Source records:
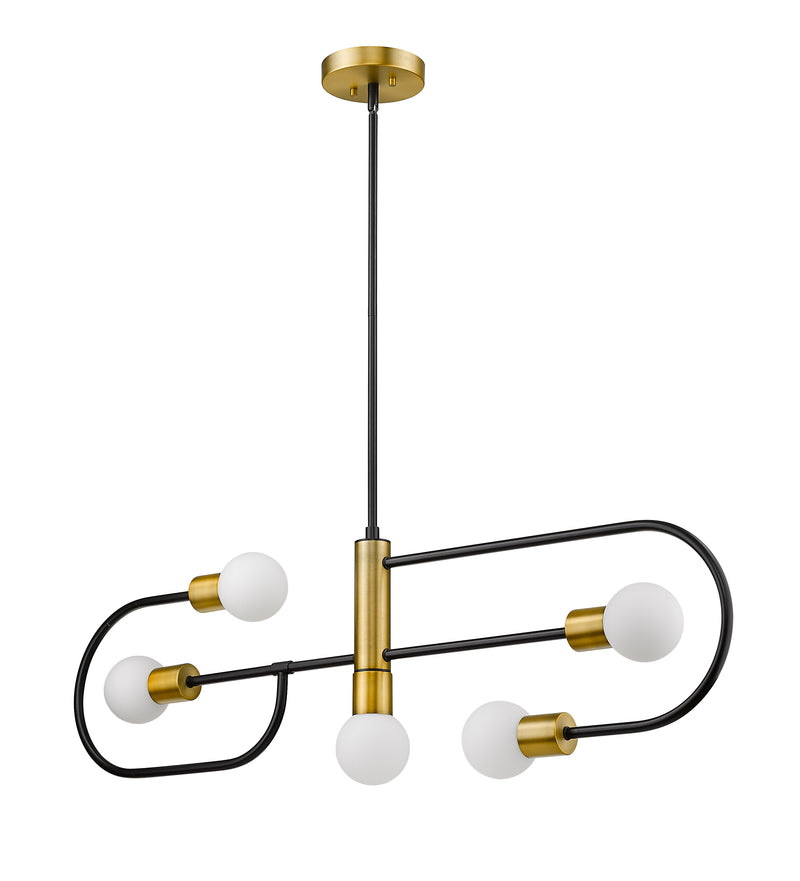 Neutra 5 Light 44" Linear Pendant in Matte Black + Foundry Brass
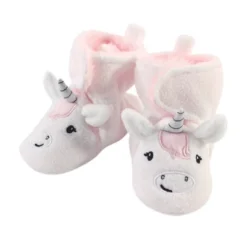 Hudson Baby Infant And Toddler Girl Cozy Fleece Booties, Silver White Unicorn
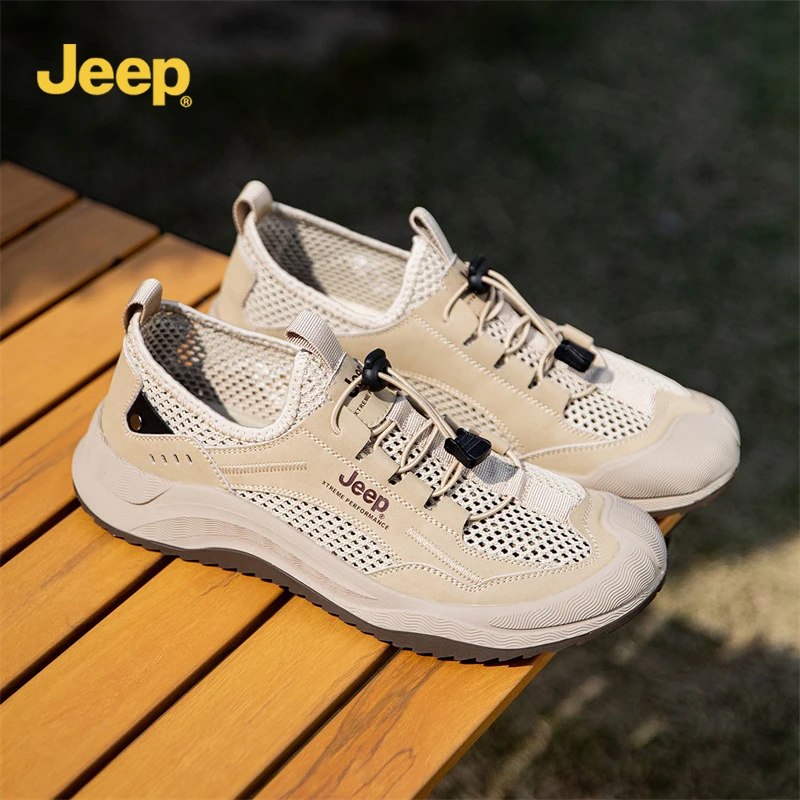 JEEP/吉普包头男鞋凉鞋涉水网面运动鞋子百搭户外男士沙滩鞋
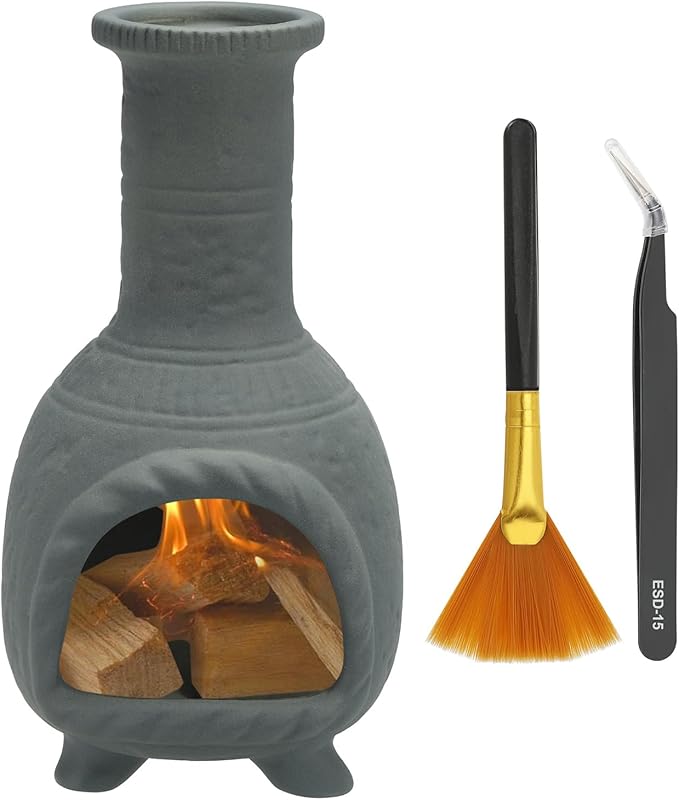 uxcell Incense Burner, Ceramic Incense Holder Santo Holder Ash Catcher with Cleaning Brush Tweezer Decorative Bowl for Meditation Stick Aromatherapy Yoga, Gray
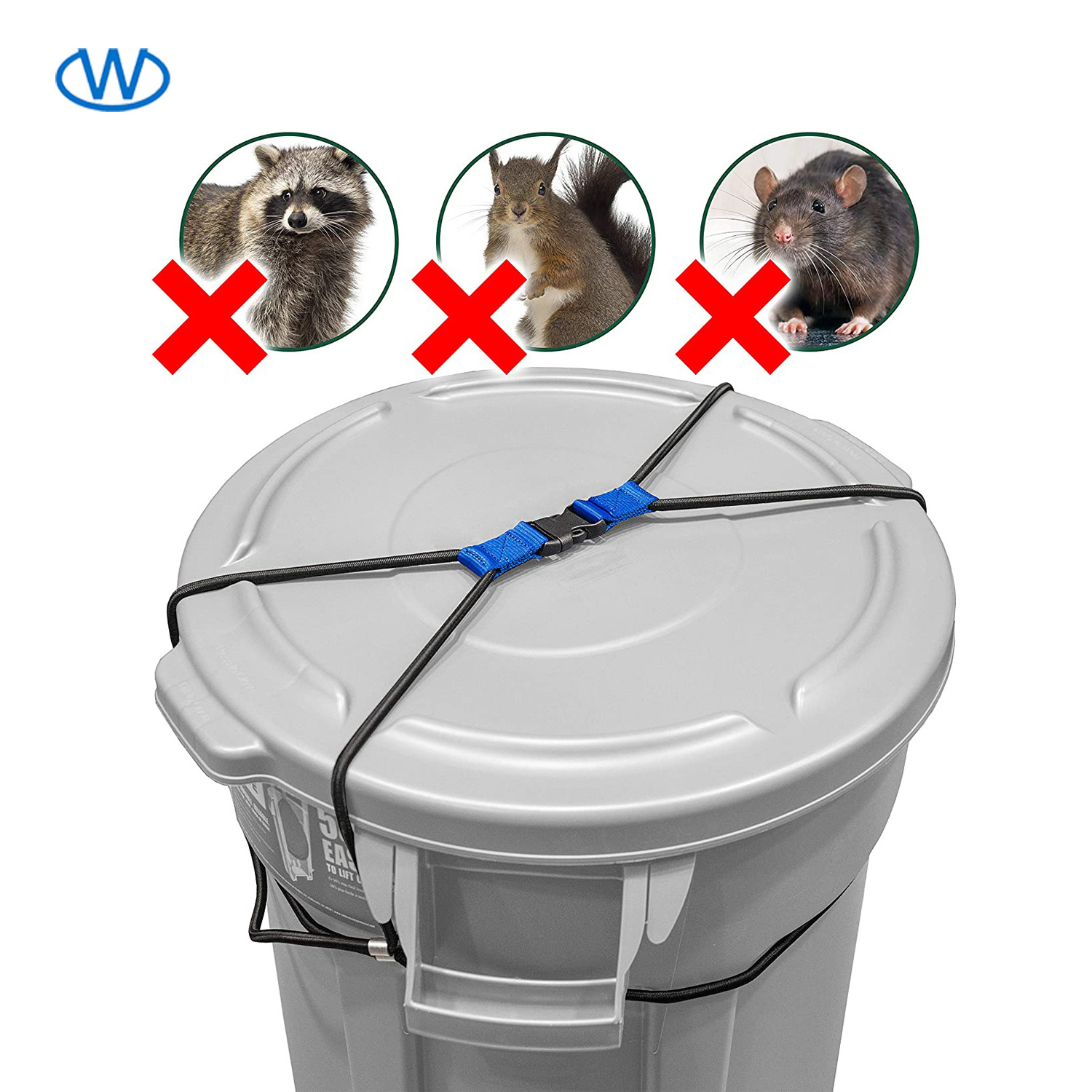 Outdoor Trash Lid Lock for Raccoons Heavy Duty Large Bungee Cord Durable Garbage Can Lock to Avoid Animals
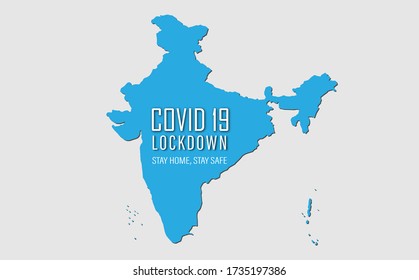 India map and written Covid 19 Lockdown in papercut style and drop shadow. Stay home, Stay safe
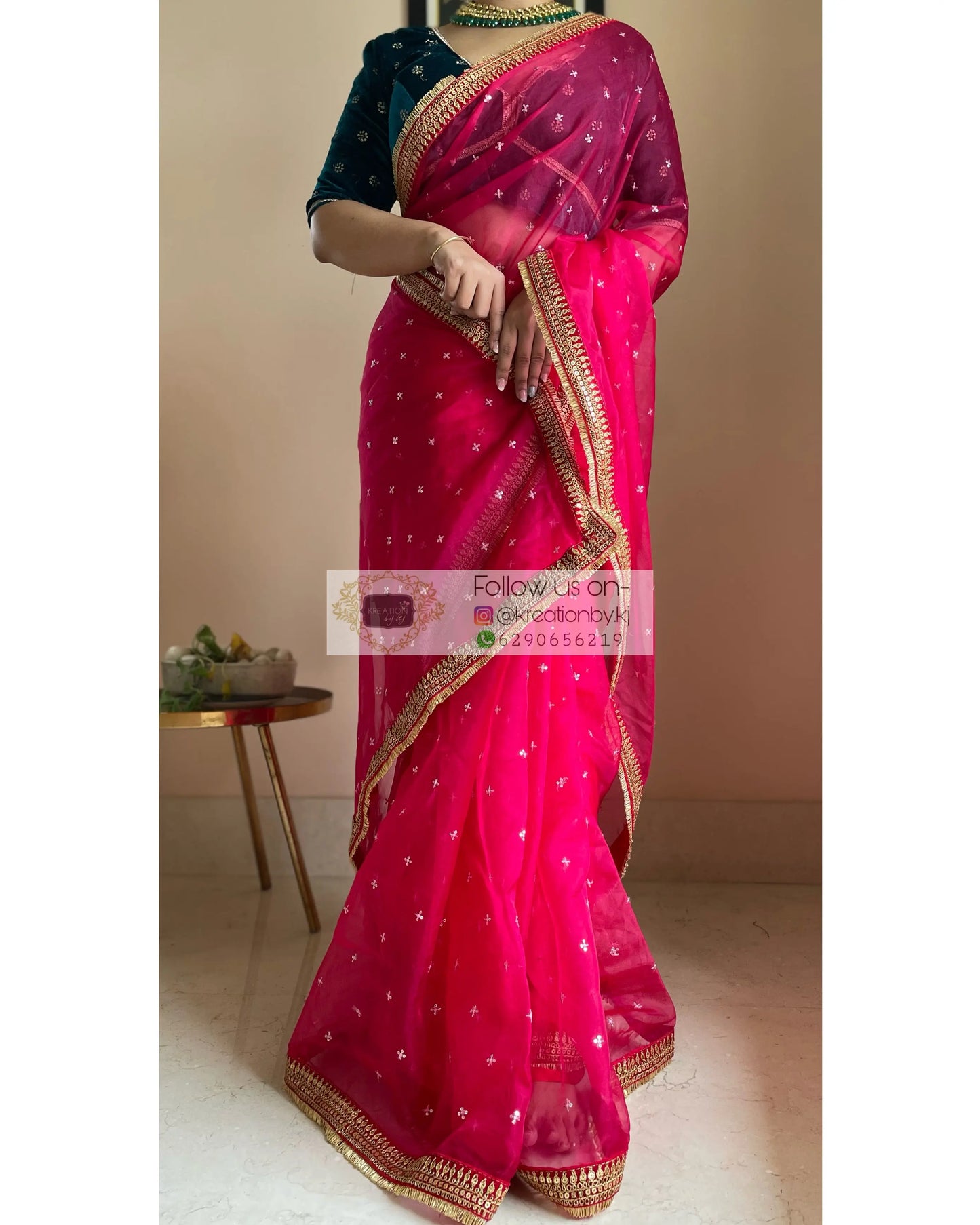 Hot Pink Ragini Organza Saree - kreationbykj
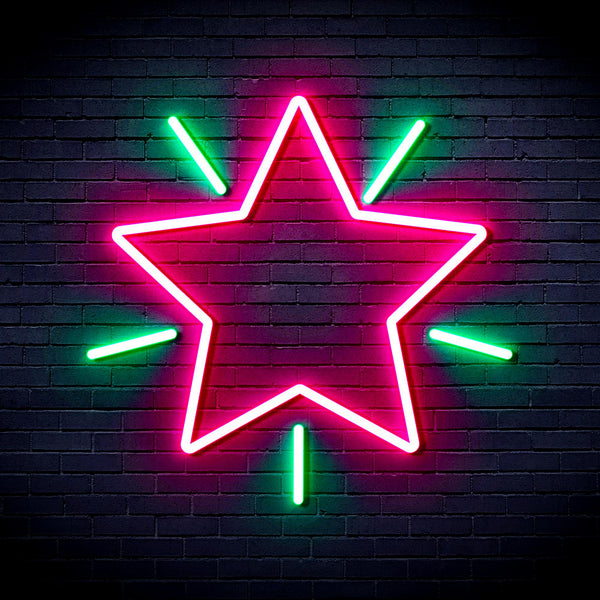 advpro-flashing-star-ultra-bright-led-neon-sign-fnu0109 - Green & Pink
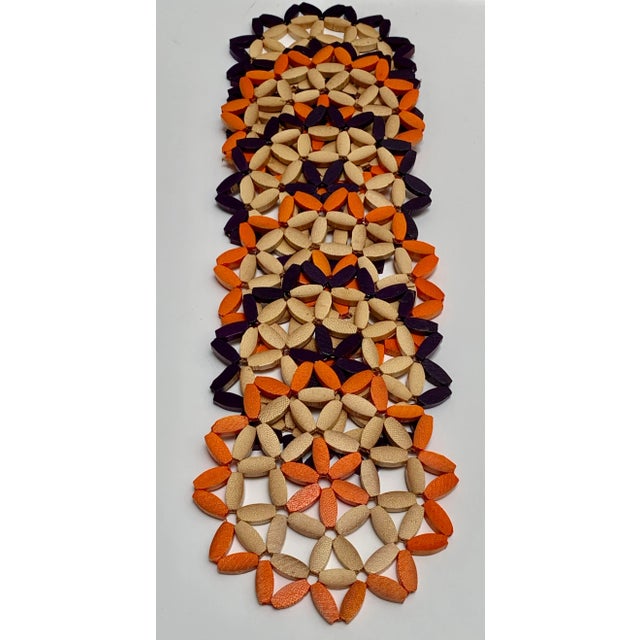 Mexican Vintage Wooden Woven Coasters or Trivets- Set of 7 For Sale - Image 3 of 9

Task statement:
Every line from the one containing "advpro-flashing-star-ultra-bright-led-neon-sign-fnu0109 - Green" to the final line of the records must be transcribed exactly, both ends included, with the pictures left out.

Solution to this exercise:
 advpro-flashing-star-ultra-bright-led-neon-sign-fnu0109 - Green & Pink
 Mexican Vintage Wooden Woven Coasters or Trivets- Set of 7 For Sale - Image 3 of 9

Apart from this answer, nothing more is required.